Second Relay Protocol Additions
-------------------------------

``POST /api/machine/update`` accepts an optional additive request field and emits
an additive response field to support the per-machine ``second_relay``
configuration (see :ref:`configuration.machines-json.second_relay`):

* Request — ``second_relay_state`` (boolean, optional): The actual current
  state of the second relay as known to the MCU. Reported by firmware that
  drives a second relay; older firmware omits this field. The server uses
  this for observability only and never for authorization decisions.
* Response — ``second_relay`` (boolean, always emitted, defaults to
  ``false``): Desired state of the second relay. For machines without
  ``second_relay`` configured this is always ``false``. Firmware that does
  not know about this field simply ignores it.

The ``display`` field is byte-identical between pre-feature and post-feature
servers for any given (machine, operator, machine state) tuple. ``second_relay``
configuration never causes LCD changes.

Prometheus Metrics
------------------

``GET /metrics``

Returns Prometheus-compatible metrics in ``text/plain`` format. This endpoint
is not included in the OpenAPI spec as it does not return JSON.

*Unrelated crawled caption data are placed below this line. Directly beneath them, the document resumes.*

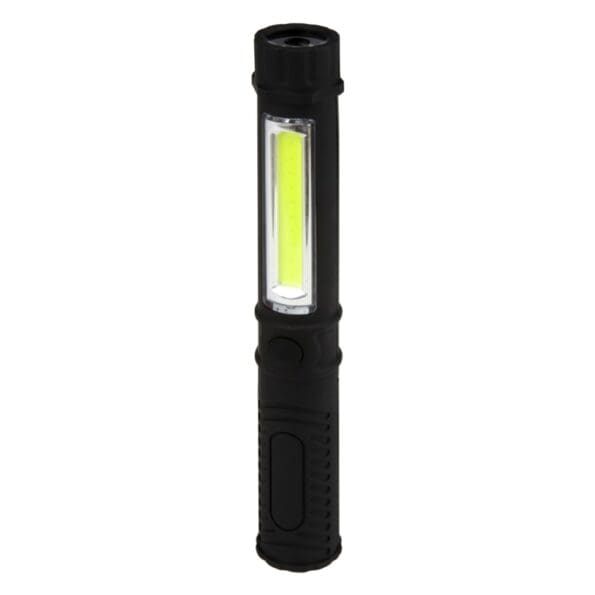 LED Magnetic Work Light & Torch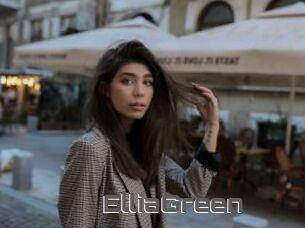ElliaGreen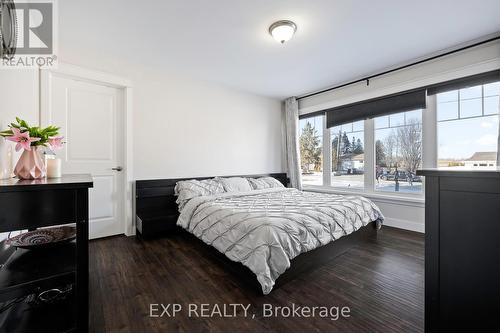 280 Doyle Street, Southgate, ON - Indoor Photo Showing Bedroom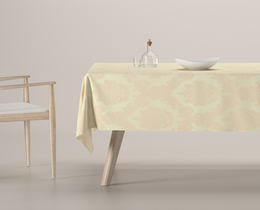 Nappe rectangulaire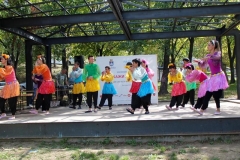 IMG_0117-Copy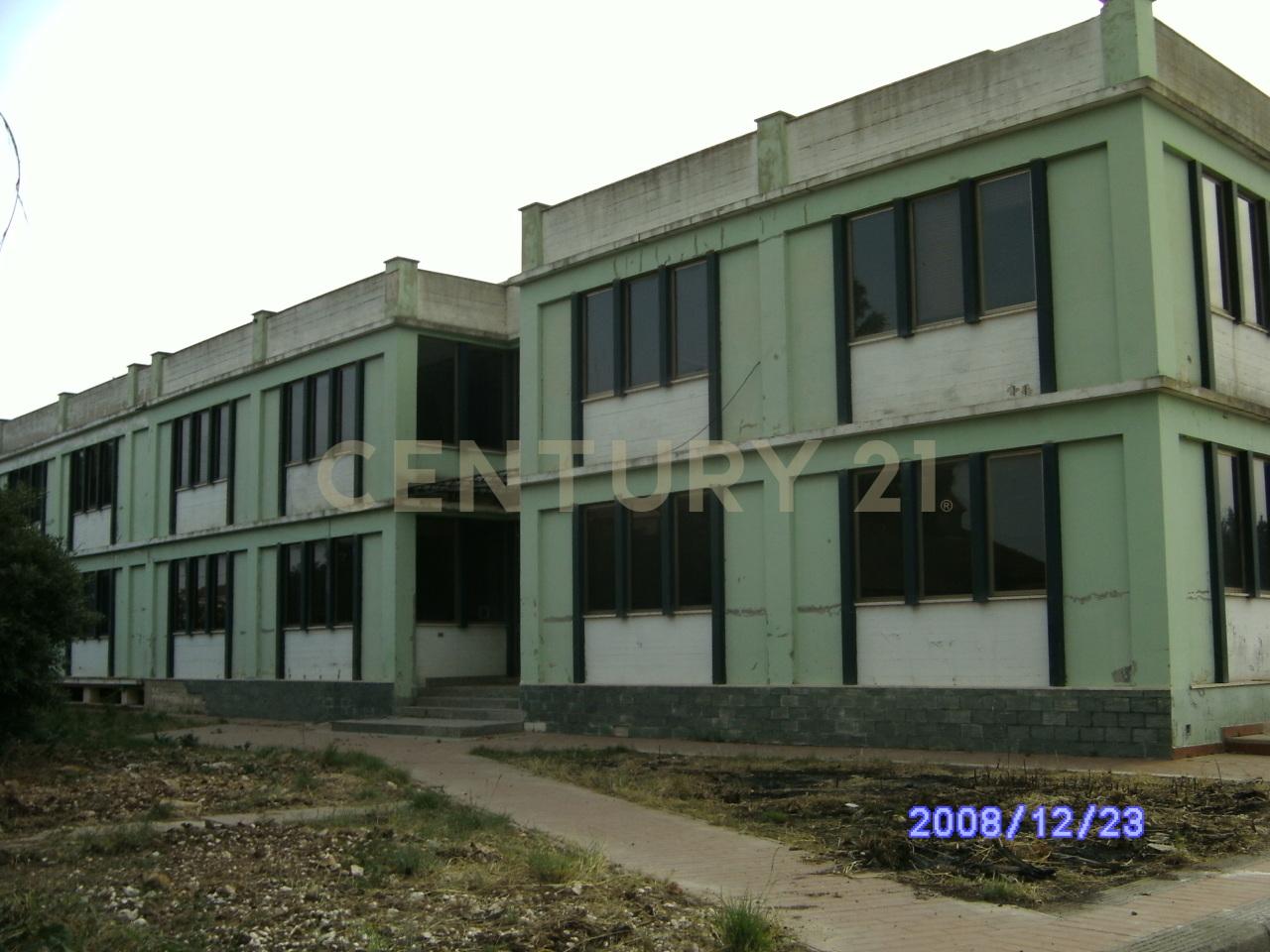 Vendita Locali commerciali, Siracusa foto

For machines with ``second_relay`` configured, the following additional
metrics are emitted (one sample per machine, with labels ``machine_name``,
``display_name``, and ``second_relay_alias``):

* ``machine_second_relay_state`` — whether the second relay is currently
  energized (0/1)
* ``machine_second_relay_configured`` — always ``1`` for machines with a
  ``second_relay`` block
* ``machine_second_relay_unauth_warn_only`` — the ``unauthorized_warn_only``
  config flag (0/1)
* ``machine_second_relay_always_enabled`` — the ``always_enabled`` config
  flag (0/1)

These metrics are not emitted at all for machines without ``second_relay``,
keeping cardinality minimal.

The ``mac_state_save_timeouts_total`` counter (one sample per machine)
exposes the lifetime count of writes to the per-machine pickle that
exceeded ``STATE_SAVE_TIMEOUT_SEC``. See `State Save Timeout (HTTP 503)`_
above for the firmware-facing behavior.

See :py:mod:`dm_mac.views.prometheus` for details on the available metrics.